When Sandra McGinnis and Jean Moore at the Center for Health Workforce Studies at the State University of New York at Albany looked at the results of a 2007 survey of close to 3,000 New York City hospital nurses, they didn’t expect to see such wide differences in pay.
Conventional wisdom suggests in a world of inequality, nursing is less unequal, McGinnis said.
“It’s pretty well known there are salary disparities by race and ethnicity in the wider work force, but because nursing has been a field that has these cyclical shortages, a lot of people have regarded it as some place where minorities can expect a more level playing field because they are so badly needed.”
The data suggested otherwise. “We found that years of experience weren’t worth as much for minority nurses than whites,” McGinnis said.
Their findings suggest that even in a city as racially diverse as New York, in a profession largely regarded as equal, there still could be inequality. If the study’s findings are correct, it should send a wake-up call to health care industry leaders nationwide.
Exactly how much less those years of experience were worth for African Americans, Asians or Pacific Islanders and Hispanics can be determined through statistical regression analysis, which uses linear progression to make assumptions about a larger population.
Their results showed that minority nurses in New York City earned on average $6,000 less than white counterparts with the same level of education and experience. African-American nurses received $3,000 less because their qualifications weren’t valued as much and another $3,000 less for what researchers call human capital and their structural position in the labor market.
Put another way, minority nurses may choose to work within their own communities, which generally earn less as whole. Minority nurses, in this scenario, are working in community health centers and public hospitals rather than private institutions, but that only accounts for half the difference.
Asians and Hispanics also received around $6,000 less, on average, compared to whites, with slightly different proportions attributed to each cause.
After publishing their initial results in 2008, the researchers set out to further dissect their data and explain the difference. Their latest results were published online in January in Policy, Politics, and Nursing Practice.
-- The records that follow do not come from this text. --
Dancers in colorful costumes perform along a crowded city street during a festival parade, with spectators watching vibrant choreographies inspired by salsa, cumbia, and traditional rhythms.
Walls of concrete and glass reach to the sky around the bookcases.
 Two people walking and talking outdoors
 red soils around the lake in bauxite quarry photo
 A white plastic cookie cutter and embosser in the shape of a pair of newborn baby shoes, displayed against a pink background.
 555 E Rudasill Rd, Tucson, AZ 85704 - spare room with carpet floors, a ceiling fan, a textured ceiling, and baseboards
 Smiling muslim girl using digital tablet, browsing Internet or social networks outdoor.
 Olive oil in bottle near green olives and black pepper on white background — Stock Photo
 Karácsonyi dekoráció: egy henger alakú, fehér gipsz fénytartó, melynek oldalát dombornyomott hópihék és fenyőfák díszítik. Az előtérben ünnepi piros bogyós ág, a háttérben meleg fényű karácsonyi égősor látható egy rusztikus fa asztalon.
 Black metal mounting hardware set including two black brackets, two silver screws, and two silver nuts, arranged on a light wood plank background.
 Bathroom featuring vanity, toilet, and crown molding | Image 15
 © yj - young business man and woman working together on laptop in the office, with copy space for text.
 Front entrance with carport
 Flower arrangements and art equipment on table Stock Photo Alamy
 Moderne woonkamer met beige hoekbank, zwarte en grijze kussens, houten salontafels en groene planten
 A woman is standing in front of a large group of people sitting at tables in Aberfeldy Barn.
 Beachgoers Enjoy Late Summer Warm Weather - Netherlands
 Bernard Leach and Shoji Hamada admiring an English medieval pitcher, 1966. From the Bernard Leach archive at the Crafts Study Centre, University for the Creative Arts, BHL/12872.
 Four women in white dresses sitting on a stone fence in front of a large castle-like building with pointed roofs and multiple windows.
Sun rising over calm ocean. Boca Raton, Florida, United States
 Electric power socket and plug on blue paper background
McGinnis and Moore both caution against taking their findings to the bank — or a lawyer. They warn their results do not take into account overtime pay, and while the study involved 3,000 nurses, participation was voluntary.
They do say they found differences in pay based on race within the public hospital system and even among unionized nurses. But they weren’t able to identify differences within a particular hospital. Plans for a future study are in progress.
Marie Ankner, chief of nursing for the New York City Health and Hospitals Corporation, which operates 11 acute care hospitals within the five boroughs of New York City, said any presumption that wage differences based on race occur at her company is simply incorrect. For one thing, the nurses are unionized, which makes such differences almost impossible.
“There is no truth to discrimination or that salaries are based on their race. Certainly not in our facilities,” Ankner said. “That’s why it raises the question of additional research.”
After the work force study came out, the issue of racial pay disparities has not come up during contract negotiations, Ankner said. Both the New York State Nurses Association and Service Employees International Union local 1199 in part funded the study.
Deborah Elliot, NYSNA deputy executive officer, said the union has not addressed the issues raised in the study with hospital administrators because of limitations in the data. “We found the study interesting but understood it had certain limitations,” Elliot said.
Without hospital-specific data, it’s difficult to make a case of racial discrimination. That’s something Moore and McGinnis want to take up in future surveys. And they may look specifically at certain hospitals to pinpoint whether some nurses have simply fallen through the cracks.